A group of local elected officials announced a new effort Wednesday to expand youth homeless services to more New Yorkers.
Two bills, introduced by Assemblywoman Helene Weinstein and Senator Diane Savino, would to raise the age of eligibility from 21 to 25 for the New York State Runaway and Homeless Youth Act. The state’s homeless youth act, established in 1978, connects at-risk young people to support services and shelter to get them off the street and shield them from harassment and bullying that can occur at adult shelters.
“Many homeless youth in New York State between the ages of 21 and 25 fear being subjected to violence, bullying, and sexual harassment in adult homeless shelters,” Weinstein said in a press release. “This legislation would help prevent vulnerable youth from being chronically homeless.”
Homeless advocates, as well as Borough President Eric Adams, applauded the legislation — saying a number of young people, particularly members of the LGBT community, chose to sleep on the street rather than risk entering adult shelters.
“As a matter of safety, of economics, and of basic human compassion, it is time to recognize and support the full population of runaway and homeless youth in our state,” said Adams. “[The legislation] addresses an important and oft-overlooked component of the greater homelessness crisis facing Brooklyn and across New York State, including many in the LGBT community.”
Advocates say the changes would bring greater resources to bear on the state’s growing homeless problem — and match New York’s policies with the working definition of homeless youth established the United States Interagency Council on Homelessness.

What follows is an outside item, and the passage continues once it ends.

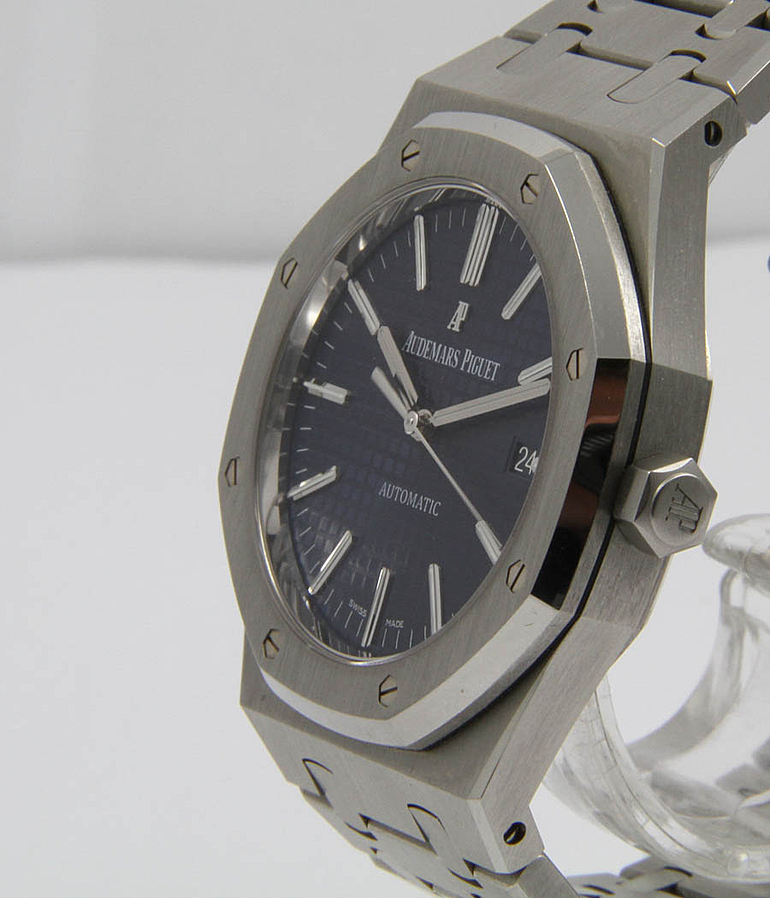 AUDEMARS PIGUET Royal Oak Ref. 15400ST.OO.1220ST.03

“Housing for homeless young adults has always been severely deficient. Lack of housing and access to youth-appropriate services only damages the young adults seeking the stability they deserve that comes from a roof over their head,” said James Bolas, executive director of the Coalition for Homeless Youth.
Savino said the legislation would provide opportunities for some of the most vulnerable New Yorkers to find help and avoid sleeping on the street.
“It is up to us as lawmakers to meet the critical needs of one of our vulnerable communities and that is our homeless youth, especially those in the LGBT community, because now more than ever are we seeing a growing trend in young adults who are being forced into the streets all because of the lifestyles they live,” she said.